The Mudcat Café TM
Thread #102927   Message #2091302
Posted By: Azizi
30-Jun-07 - 10:11 PM
Thread Name: BS: Education, Race 'n Community...
Subject: RE: BS: Jim Crow Back in Town...
Here's an article about the USA's poor educational system {pun intended] and its impact on other systems in the USA:

http://www.cnn.com/2007/US/06/19/Dobbs.June20/index.html

Dobbs: A legacy in search of a president
POSTED: 8:32 a.m. EDT, June 20, 2007

Here's an excerpt from that article:

"...The Education Week report shows Detroit's public high schools will graduate only 25 percent of their students. Cleveland, Ohio, and Baltimore, Maryland, will graduate less than 35 percent; Dallas, Texas, New York and Los Angeles, California, about 45 percent. In fact, 10 of our nation's biggest cities will graduate fewer than half their students. This is nothing less than a national crisis.

Christopher Swanson, director of the Editorial Projects in Education Research Center and supervisor of that national dropout rate report says: "I think that really speaks to the challenge of getting students to graduate from high school at a time where it's more important than it's ever been...to provide opportunities for our young people to have a successful career and for the United States in general to be competitive in the world."

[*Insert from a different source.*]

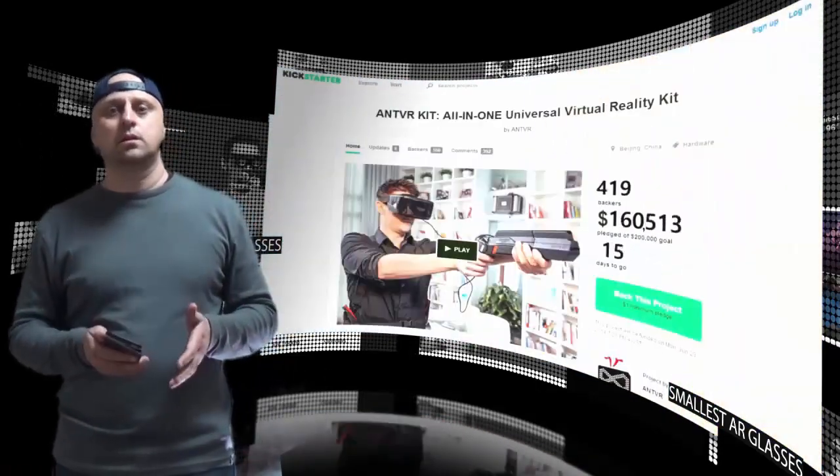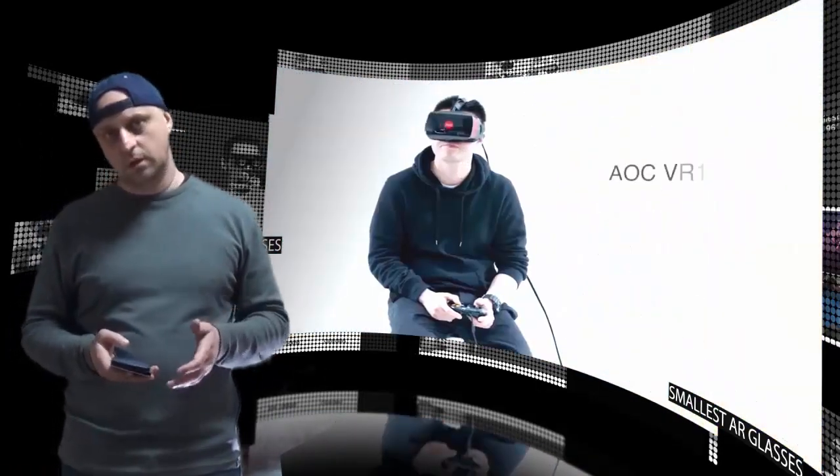The add-on features include eye tracking, hand tracking, and controllers.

The Alliance for Excellent Education estimates that each high school dropout earns about $260,000 less than a high school graduate over his or her lifetime. The Alliance also reports that dropouts not only earn less money but also drain state and federal budgets through their dependence on social and welfare programs. Those students who drop out make up nearly half the heads of households on welfare, and they constitute almost half of our prison population as well. The cost to our society is overwhelming.

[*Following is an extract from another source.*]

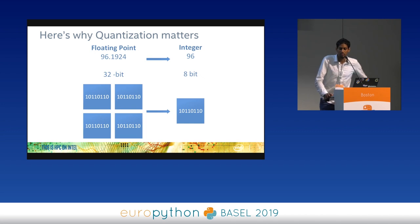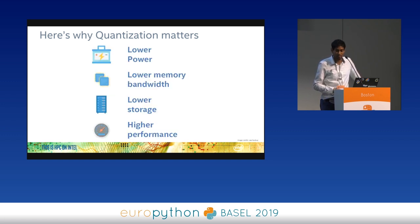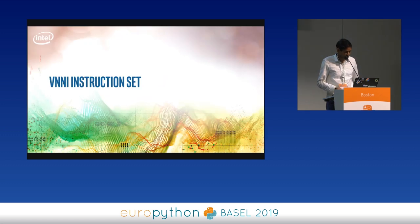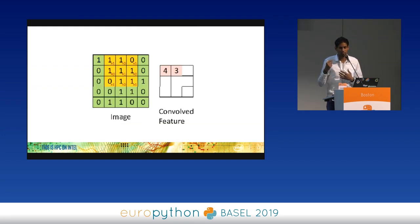We are reducing the precision of that number from 896.1924 down to just 96, so we lose a little bit of accuracy. What is important is that we don't lose too much accuracy. For Vector Neural Network Instructions, there are vector registers in the hardware to perform the multiplications and additions of the convolution faster.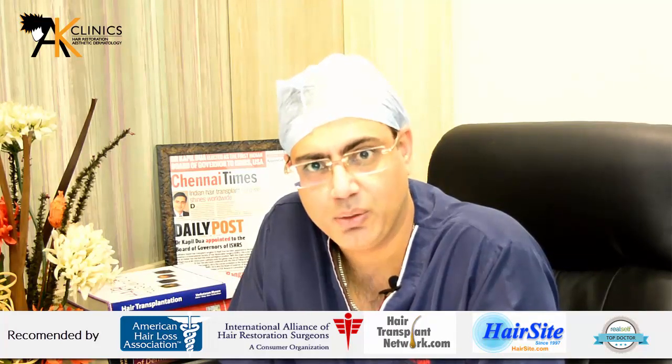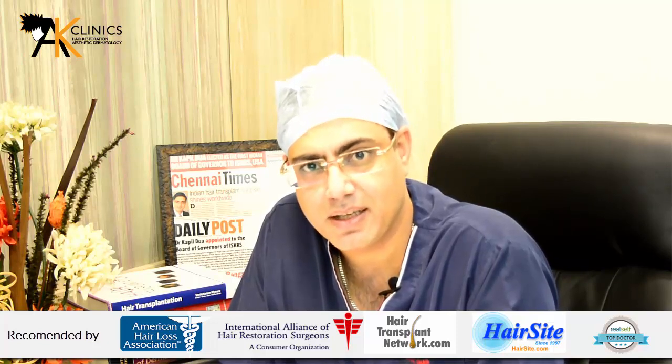Once the scalp hair are exhausted, the surgeon can go on to body hair as well, which includes the beard, the chest, the abdomen, the back, the legs, and the pubic area. However, since the best results are seen with the beard and the chest, we prefer to use these two areas only for body hair transplantation.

But even our students who are graduating are often not receiving the education they deserve. In low-income schools, students have less than a 50 percent chance of being taught by a mathematics or science teacher who holds a degree in the subject he or she teaches, according to the National Council of Teachers of Mathematics. This explains at least in part why less than a third of our fourth-grade and eighth-grade students performed at or above a proficient level in math, and why American 15-year-olds fall below the international average in mathematics literacy and problem-solving in the Program for International Student Assessment".